Solved – Probability of class in binary classification

classificationmachine learningprobability

I have a binary classification task with classes 0 and 1 and
the classes are unbalanced (class 1: ~8%).
Data is in the range of ~10k samples and #features may vary but around 50-100.

I am only interested in the probability of an input to be in class 1 and
I will use the predicted probability as an actual probability in another
context later (see below).

Am am wondering how to best model this problem.
My current approach isto use a random forest and predict_proba in scikit-learn and use ROC-AUC as a scoring function. The accuracy is 0.92 as it does not
predict any class 1 with proba > 0.5.

After reading into the subject I came accross many suggestions and terms and I
try to put a little structure in all of this. Specifically:

  1. I saw a couple of other scorers which were suggested, i.e. Cohens kapa,
    Matthews correlation coefficient, PC-AUC and some more.
    Should I look at all of those or is there a favorite for my problem?

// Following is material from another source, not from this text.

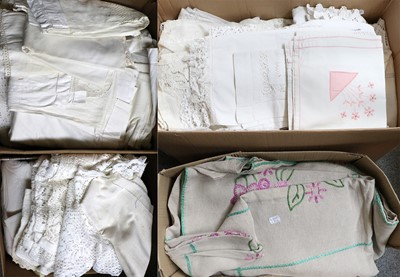 Lot 356 - Assorted white linens including crotchet edge...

  2. I just came accross the probability calibration subject in scikit.
    As I am interested in acual probability I think it's quite relevant.
    Am I right to assume that an additional CalibratedClassifierCV should be
    included in my model as it's based on Decision Trees?
    (is that done automatically in R?)

  3. After looking at some kaggle competitions xgboost seem very promising.
    Is that alsorithm well suited for my problem or do you have other suggestions
    regarding the algorithm (stick to the RF)?

Best Answer

You are considering different classifiers, but in fact this is not a classification problem. You are not interested in classifying your data as zeros and ones, but in predicting probabilities that individual cases are zeros and ones. In this case the usual method of choice, that is designed especially for such problems, is logistic regression. Contrary to popular beliefs, logistic regression is not a classifier, but rather it predicts probabilities, so it does exactly what you want.